For more than a decade, the ancient world, known for its pinkish haze, has remained one of astronomy's enduring mysteries. As one of the coldest planetary-mass companions ever directly imaged, it is so faint that scientists have struggled to analyze its light from Earth. Now, observations from the James Webb Space Telescope (JWST) have revealed an atmosphere packed with exotic chemistry and clouds unlike any previously observed.
The findings provide some of the first direct evidence that salt clouds can exist in the atmosphere of a cold planetary object, confirming a prediction scientists first made more than 15 years ago. The results also highlight JWST's ability to study extremely cold and faint worlds that are beyond the reach of ground-based observatories.
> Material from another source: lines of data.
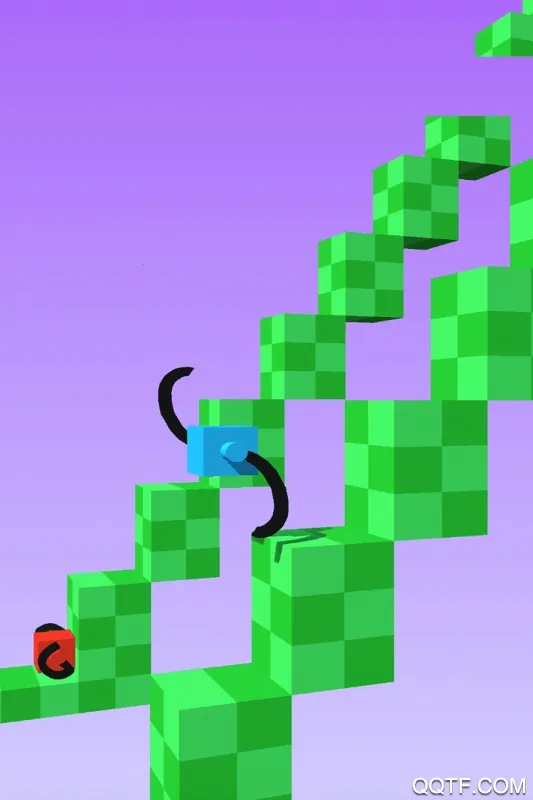 ���ȵ�ɽv1.0.0 ��׿���ͼ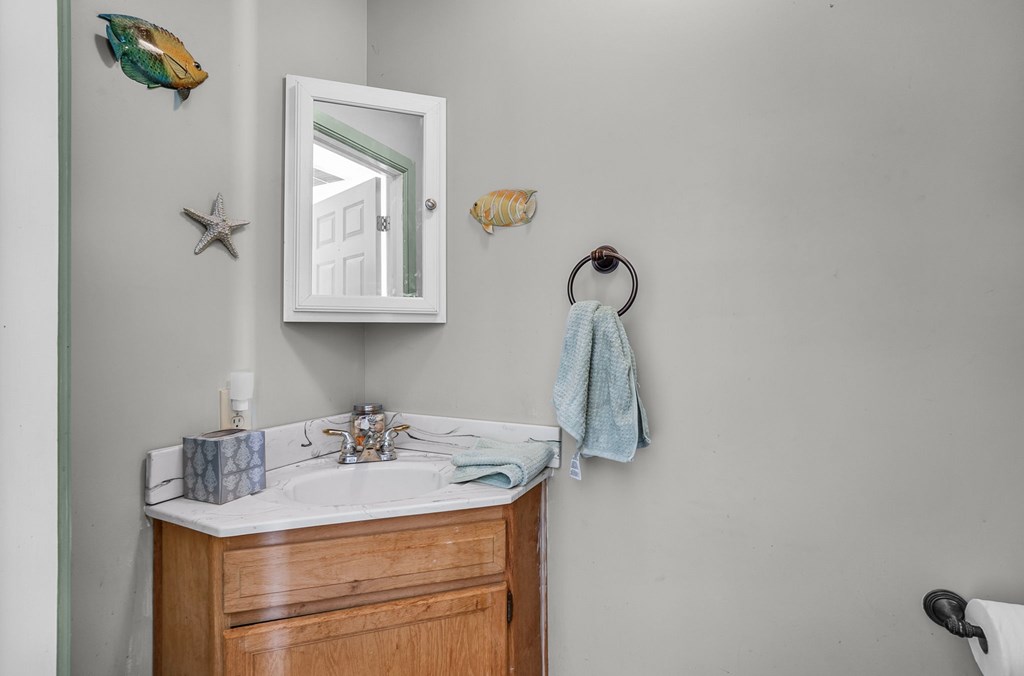 28099 Harborton Rd, Harborton, Virginia image 27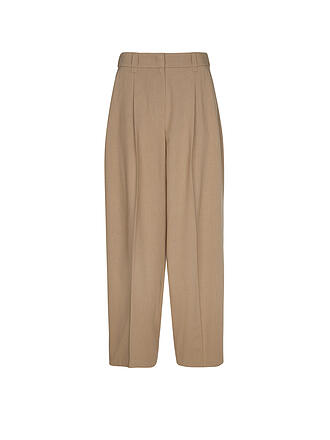 OPUS PANTS | Businesshose MOIRA BLOOM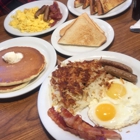 Denny's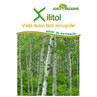 Xylitolsuiker van berk, 1kg, Little King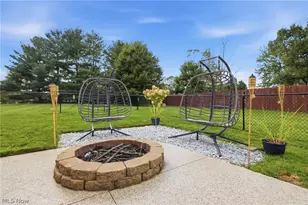 1065 Wadsworth Rd, Medina, OH 44256 - Photo 42
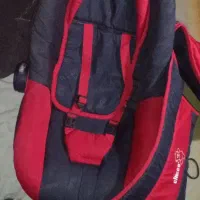 نی نی لای لای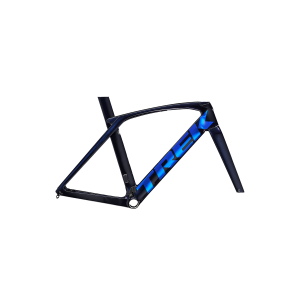 Trek Madone SL Disc Gen 6 Frameset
The study was published on June 18 in the Astronomical Journal.
"The Pink Planet is the coldest companion ever discovered using ground-based instruments," said Northwestern's Aneesh Baburaj, who led the study. "Many teams all around the world performed follow-up observations to study its light, but it was too faint for ground-based instruments. That made it a perfect target for JWST. When we finally obtained its spectrum, it immediately looked interesting. But once we started digging deeper into the data, we realized it was not like anything we have analyzed before."